“Papa was a little chunky man. He’d steal flour and hogs. He could tote a hog on his back. My papa went on off when freedom come. They was so happy they had no sense. Mama never seen him no more. I didn’t neither. Mama didn’t care so much about him. He was her mate give to her. I didn’t worry ’bout him nor nobody then.
“Master Collins did give us plenty to wear and eat too. When I left there we all worked. Mama married ag’in. We kept on farming. I farmed all my life.
“I got a boy what works. We own our house and all this place (one-half acre). I don’t get no help from nowhere. Seem like them what works and tries ought to be the ones to get help and not them what don’t never pay no taxes. Fast generation it is now. But they don’t bother me. I got a good boy. Times is hard. Everything you have to buy is high.”

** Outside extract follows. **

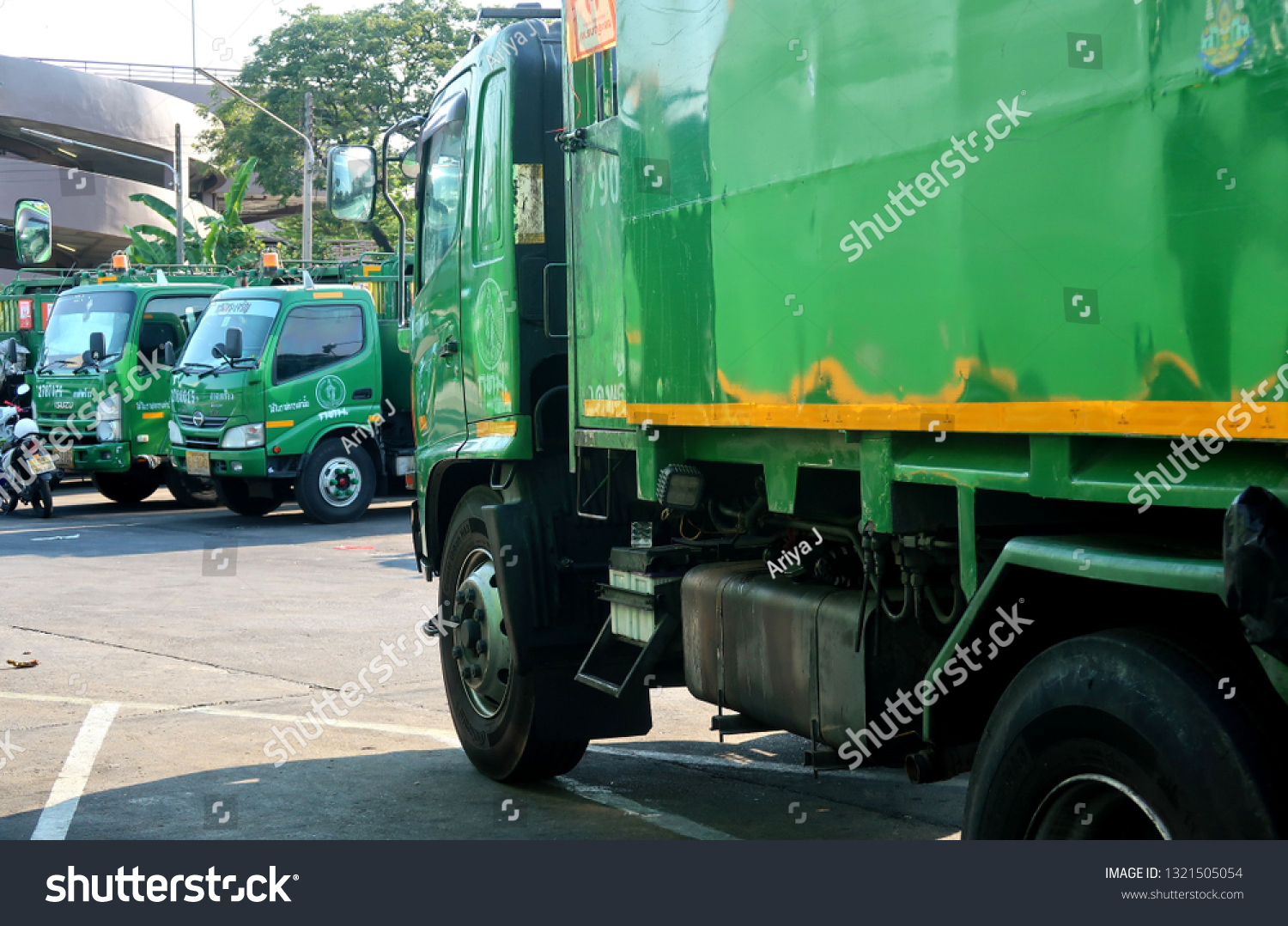 Bangkok/Thailand - February 22,2019 : Green garbage trucks in Bangkok city #1321505054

Interviewer: Miss Irene Robertson
Person interviewed: Anna Hall (mulatto)
Brinkley, Arkansas
Age: 68
“I don’t know nuthin’ cept what I heard folks talk ’bout when I was a child. I was born good while after that war. My folks lived in Scott County near Jackson, Mississippi when I was little and in slavery times too. My mother’s mistress was Miss Dolly Cruder. She was a widow and run her own farm. I don’t remember her. She give her own children a cotton patch apiece and give the women hands a patch about and they had to work it at night. If the moon didn’t give light somebody had to hold a literd (lantern) not fur from ’em so they could see to hoe and work it out. I think she had more land then hands, what they made was to be about a bale around for extra money. It took all the day time working in the big field for Miss Dolly. I heard ’em say how tired they would be and then go work out their own patches ’fore they go to bed. I don’t remember how they said the white girls got their cotton patches worked. And that is about all I remembers good ’nough to tell you.
“They didn’t expect nothing but freedom out the war. The first my mother heard she was working doing something and somebody say, ‘What you working fur don’t you know you done free?’ That the first she knowed she was free. They just passed the word round; that’s how they heard it and the soldiers started coming in to their families. Some of them come back by themselves and some come riding several of them together.
“I know they didn’t give my mother nothing after the war. She washed and ironed ’bout all her life.
“The young generation is doing better than we old folks is. If there is any work to get they gets it in preference to us. Education is helping some of ’em here in Brinkley. Some of the young ones gets good money. They teaches and cooks. Times is hard for some.
“I live wid my son. Yes he own his house. I gets $8 from the relief. We has ’bout ’nough to live on and dat is all.”